Probe runs are read-only and allowlisted, and return structured evidence summaries (summary, keyPatterns, rawRef) instead of raw unbounded output in the main incident context.
Severity Levels
| Severity | Criteria |
|---|---|
CRITICAL | Complete service outage or data loss risk |
HIGH | Major degradation affecting many users |
MEDIUM | Partial degradation or elevated error rates |
LOW | Minor issues, informational anomalies |
Incident Comments
Team members can add comments to incidents for collaboration and post-incident context. Comments are threaded per-incident and support:
- Adding notes during investigation.
- Recording decisions and observations.
- Deletion of individual comments.
Comments are available via the Incidents API and the incident detail page in the dashboard.
Dashboard Features
The dashboard provides a full-featured incident management interface:
Incident List
- Search — filter by title, service, or description.

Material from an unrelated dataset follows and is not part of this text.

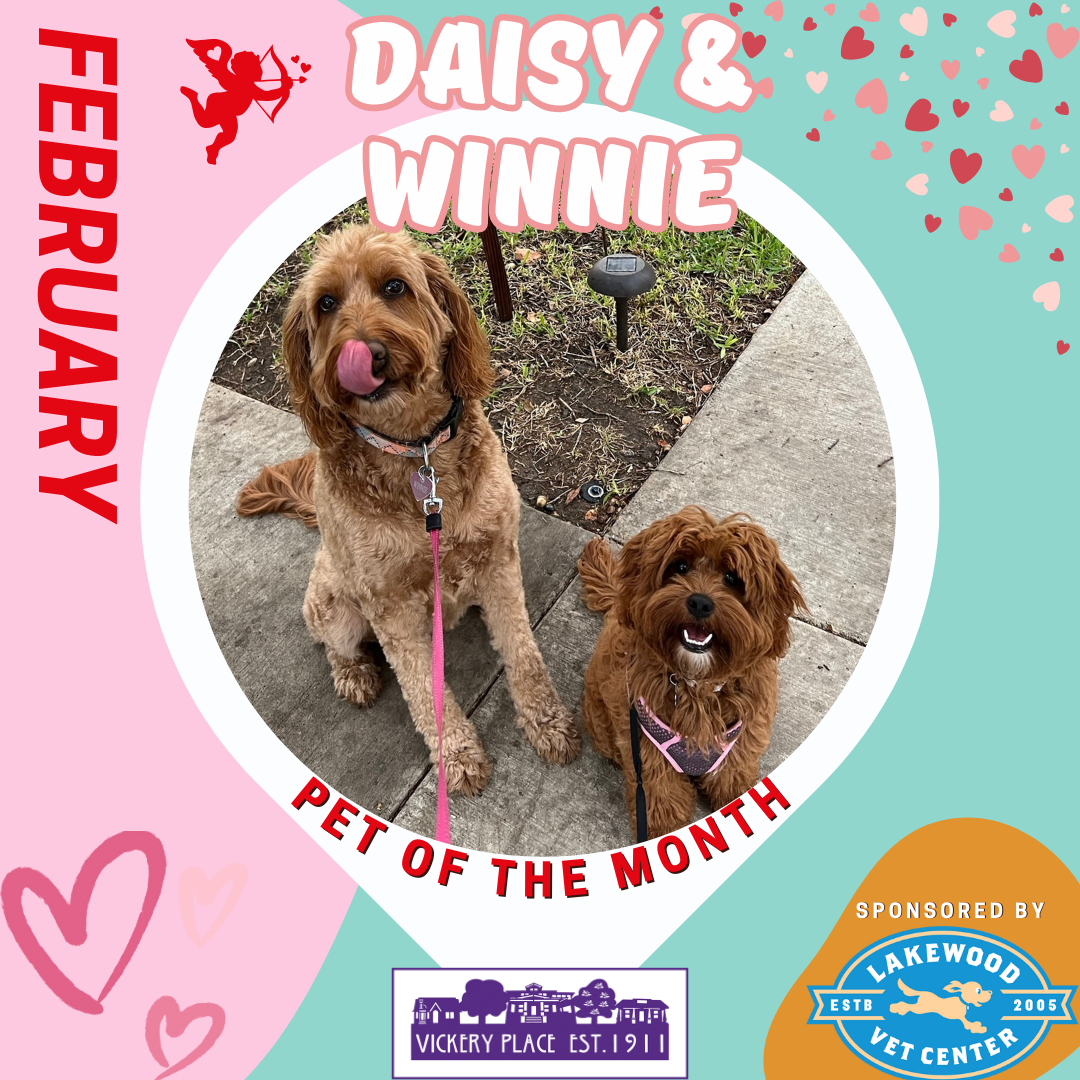 February Pet(s) of the Month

- Severity filter — show only incidents of a specific severity level.
- Status filter — filter by lifecycle status (OPEN, INVESTIGATING, etc.).
- Service filter — filter by affected service name.

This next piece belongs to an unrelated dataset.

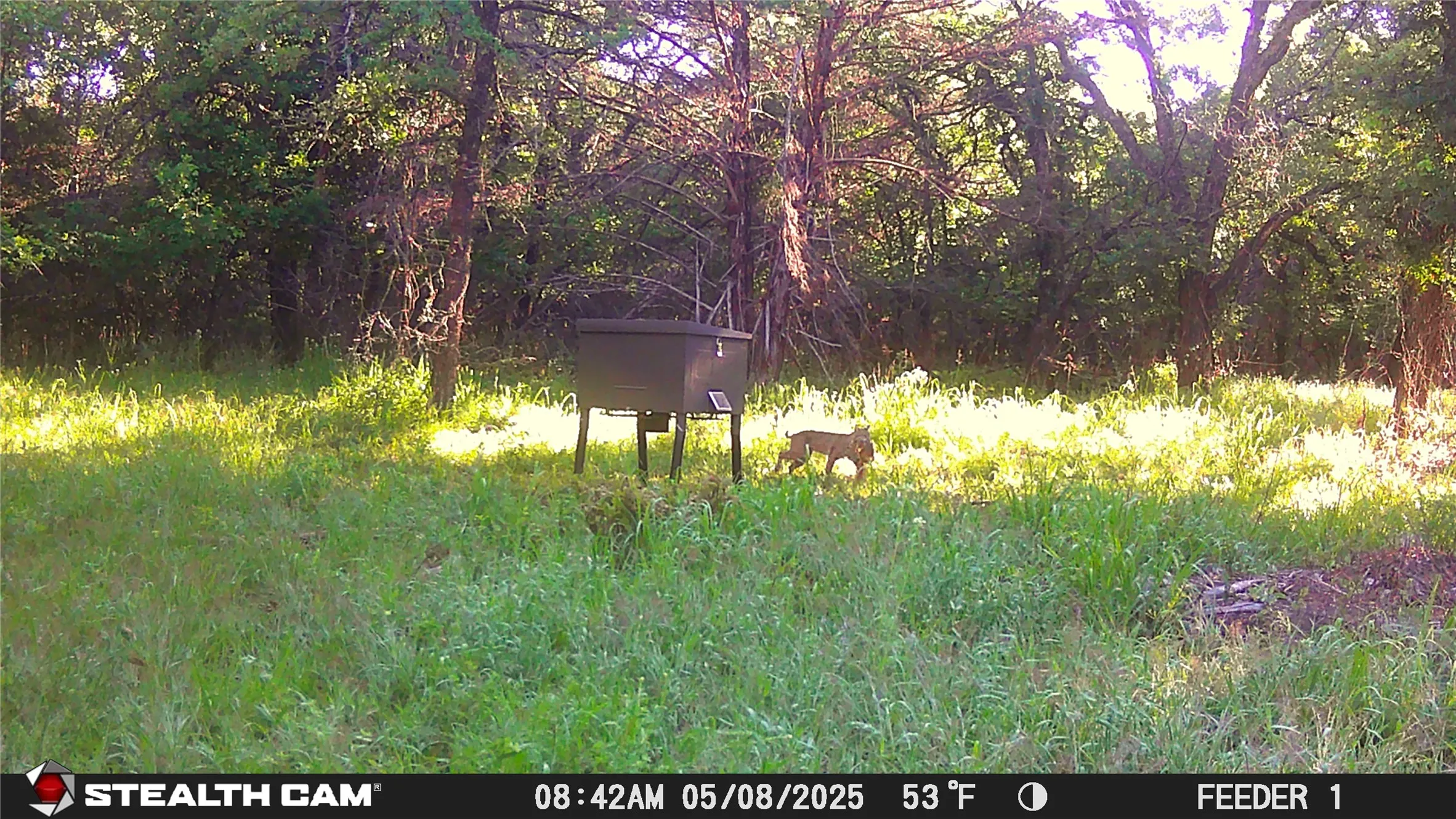 Bobcat at Feeder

- Assignee filter — filter by assigned team member.
- Deduplication toggle — group duplicates to show only root incidents.
- Sort — by recency or severity.
Incident Detail
Each incident has a dedicated detail page showing:
- Full incident metadata and timeline.
- AI diagnosis with root cause, confidence score, and suggested fixes.
- Provider-aware diagnostic probes (Kubernetes + AWS) with typed, read-only evidence runs.
- Remediation approval/rejection workflow.
- Related/correlated incidents.
- Comment thread for team collaboration.
- Assignment to team members.
Incident Velocity Chart
The overview dashboard includes an incident velocity chart showing incident frequency over time with configurable ranges:
- 24h — last 24 hours (hourly buckets).
- 7d — last 7 days.
- All — last 30 days.
Notifications
When an incident is created or its status changes, the core-platform notification flow dispatches alerts to configured channels:
- Slack — posts to a configured channel with incident details.
- Discord — posts incident updates to a Discord channel.
- Jira — core-platform creates or updates a ticket (using encrypted per-org Jira credentials).
- Email — sends an alert to the configured recipient.
- Webhook — fires a generic HTTP POST to a custom endpoint.